As Mitt Romney’s senior advisers consider their vice-presidential prospects, they’re keeping an eye on a dark horse: Senator John Thune, a lanky and telegenic South Dakota Republican. “Even though he’s not from a battleground state, he’s seen as serious and credible,” says John Sununu, a Romney confidant. “There’s no question, in my mind, that he’s on the list for consideration.”
“Very smart,” says Ed Rollins, Ronald Reagan’s former campaign manager, when asked about a potential Romney-Thune ticket. “He looks presidential and passes all the tests.”
Thune, the third-ranking Republican in the upper chamber, downplays the veep chatter, but it’s only likely to increase in the months ahead. According to sources close to the Romney campaign, the former Massachusetts governor may be inclined to tap a mild-mannered, business-friendly Midwestern senator.
Senator Rob Portman of Ohio is often cited as someone who fits that profile, but so does Thune, a 51-year-old native of rural Murdo, S.D., and an ally of Senator Mitch McConnell, the GOP leader. Thune briefly flirted with a presidential run last year, only to decide against it, but his interest in presidential politics remains. He’s eager to enter the fray — as a supporting player.
“It’s an even-money game,” Thune says, evaluating Romney’s chances. “For a while, everyone was hanging their heads about how things looked coming out of the primary, where scars and permanent damage were expected. But it’s amazing how quickly Governor Romney’s numbers have snapped back. It’s now a fair fight, and we have a legitimate shot at winning the presidency.”
Thune, who holds a master’s degree in business administration from the University of South Dakota, says one of Romney’s challenges will be to win over the swaths of the Rust Belt that President Obama swept four years ago. As the son of a schoolteacher and the grandson of a hardware-store owner, Thune says, he knows that “pocketbook issues,” more than anything, can be effective in wooing blue-collar voters.
“It’s all about jobs and the economy, and that’s Romney’s forte,” Thune says. Yet as the president pummels Romney for once managing the private-equity firm Bain Capital, Romney must respond assertively. “He’s got to highlight his experience in creating jobs,” Thune says. “There’s a real contrast between a business leader and a community organizer.”

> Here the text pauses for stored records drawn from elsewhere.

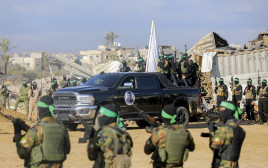 הטנדר של חמאס (צילום: MOIZ SALHI/Middle East Images/AFP via Getty Images)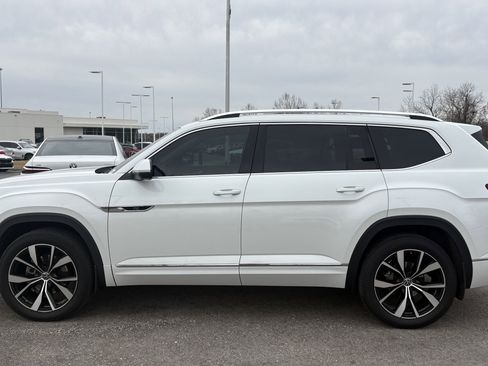 Used 2024 Volkswagen Atlas SEL Premium R-Line AWD/4WD image 7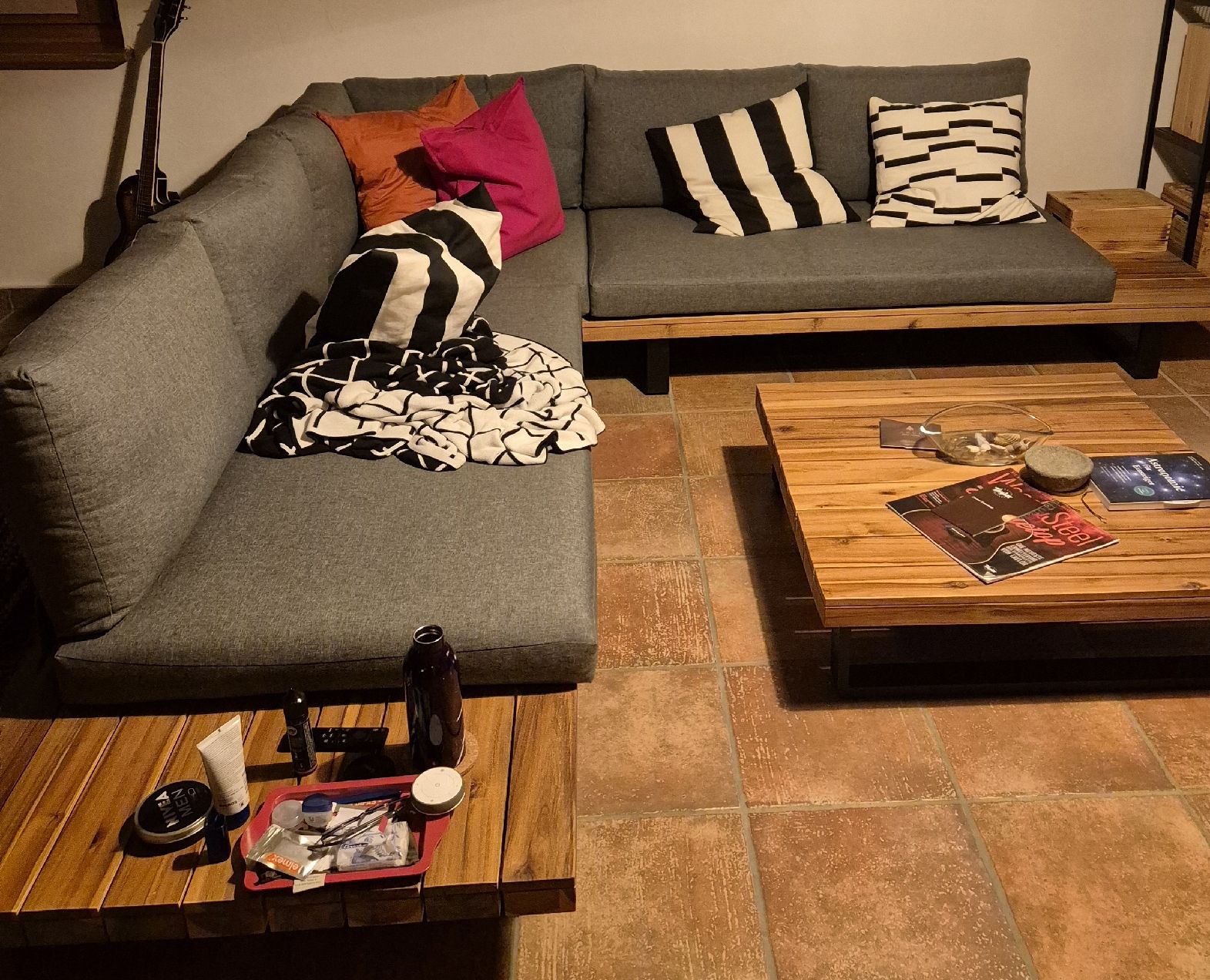 Divani: Ecklounge Mora 255x255 – Usato da Ramsen venduto da Troll62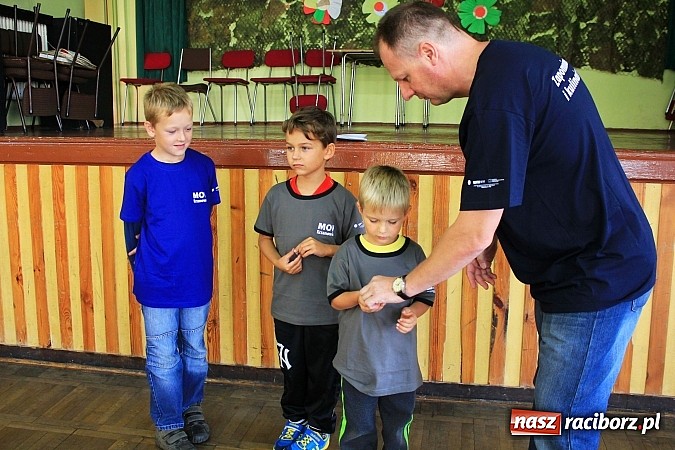 Zdjęcie w galerii na portalu naszraciborz.pl: To była zabawa! Zapomniane gry i zabawy przypomniano w Domu Kultury w Borucinie wiadomości z regionu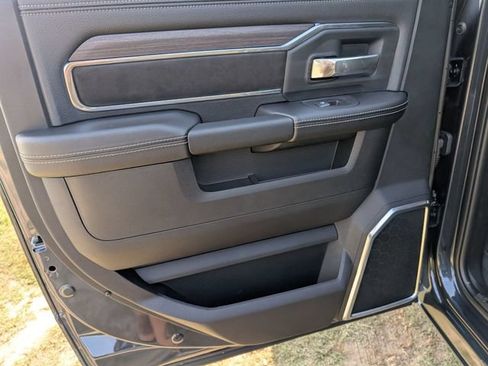 New 2026 RAM 3500 Laramie AWD/4WD image 25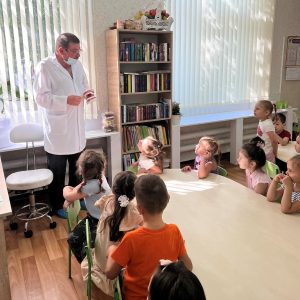 IET nr. 59 a fost vizitată de către medicul pediatru stomatolog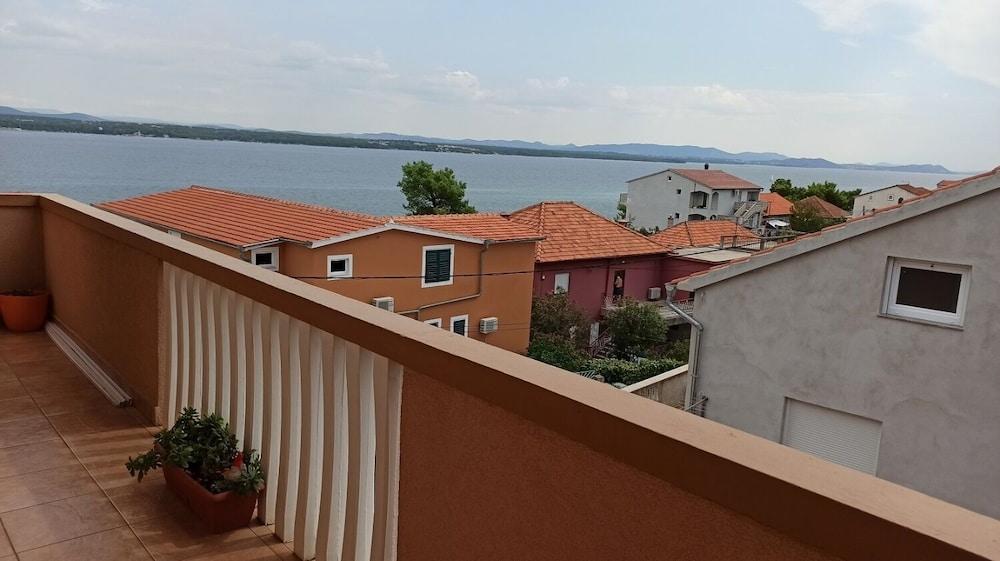 Krešo - 100 m From sea - A3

Thune, a devout Christian, sees Romney’s economic experience as the Republican nominee’s best asset, but he also believes that Romney can make inroads among evangelicals. Those voters may not have been “completely sold” on Romney in the primary, but compared with President Obama, he’s by far the best choice in November, Thune says. “Evangelicals recognize that a second Obama term could be very dangerous, particularly with regard to the Supreme Court and regulations,” he explains.

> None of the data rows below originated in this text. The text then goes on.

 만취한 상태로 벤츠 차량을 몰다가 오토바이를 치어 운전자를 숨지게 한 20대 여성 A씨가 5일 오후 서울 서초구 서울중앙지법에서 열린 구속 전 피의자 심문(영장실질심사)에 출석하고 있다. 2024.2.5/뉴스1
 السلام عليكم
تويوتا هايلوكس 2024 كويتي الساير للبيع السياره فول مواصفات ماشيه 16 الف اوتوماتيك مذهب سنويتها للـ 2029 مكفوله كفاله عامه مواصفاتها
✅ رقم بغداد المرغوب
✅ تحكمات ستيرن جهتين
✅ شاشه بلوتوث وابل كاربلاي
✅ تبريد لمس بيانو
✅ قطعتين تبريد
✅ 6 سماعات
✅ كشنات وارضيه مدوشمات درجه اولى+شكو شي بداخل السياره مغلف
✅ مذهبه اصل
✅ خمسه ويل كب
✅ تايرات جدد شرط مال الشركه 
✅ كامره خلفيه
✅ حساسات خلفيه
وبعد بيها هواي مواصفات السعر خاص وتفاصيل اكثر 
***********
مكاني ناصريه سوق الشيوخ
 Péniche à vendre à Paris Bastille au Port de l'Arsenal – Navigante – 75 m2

Another factor Thune mentions is the “business-like way” in which Romney runs his campaign. Romney frequently reaches out to leaders on Capitol Hill, he says, and the relationships between key GOP players and the nominee are professional and open — a good omen for potential 2013 success should Romney win the White House. “His skill set would enable him to step in and get things done,” Thune says.